New bank where deposits are guaranteed to grow

Construction has begun on the largest seedbank in the southern hemisphere.

PlantBank, located at the Australian Botanic Garden, can hold up to 200 million living seeds in what has been referred to as an insurance policy against the extinction of plant species.

”There are all of these threats happening all the time - climate change, new diseases … land clearing … and that’s why you want to have this back-up measure,” the director of science at the Australian Botanic Garden, Brett Summerell, said.

”We want to have collections that represent the whole genetic spectrum, so if something does happen, you can … reintroduce the whole genetic range of the species.”

The United Nations Environment Program identifies Australia as one of 12 mega diverse countries, with more than 85 per cent of Australia’s plants unique to the Australian landscape.

The $19.8 million facility will have seeds or live tissue from all 25,000 plant species in Australia.

”This bank really matters because if a species becomes extinct, no amount of money and no government on Earth can bail it out,” the Minister for the Environment, Robyn Parker, said at the commencement ceremony yesterday.

”When we lose species, we lose threads in the web of life and untold potential for human health and well being.”

Seeds from species such as wattles and gums will be kept at a temperature of either 4 degrees or minus 20 degrees. A second space kept at a temperature of minus 196 degrees will be used for rainforest species that are harder to store.

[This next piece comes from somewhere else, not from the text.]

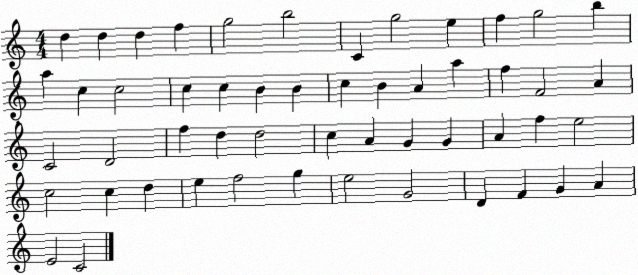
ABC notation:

The co-ordinators of PlantBank have been searching for financial support for more than 10 years. The NSW government has pledged $15.5 million in funding for the facility, a move Dr Summerell suggests could be in response to the growing concern regarding climate change among the general public.

”I think there’s an acceptance that the environmental risks we’re facing are much more significant, so I assume that’s part of the reason why,” he said.

PlantBank will accept seed donations from Papua New Guinea and other parts of south-east Asia and the Pacific, with the intention of preserving species that may be impacted by climate change.

”With sea levels rising, they’re the areas where the impacts of those changes are biggest,” Dr Summerell said.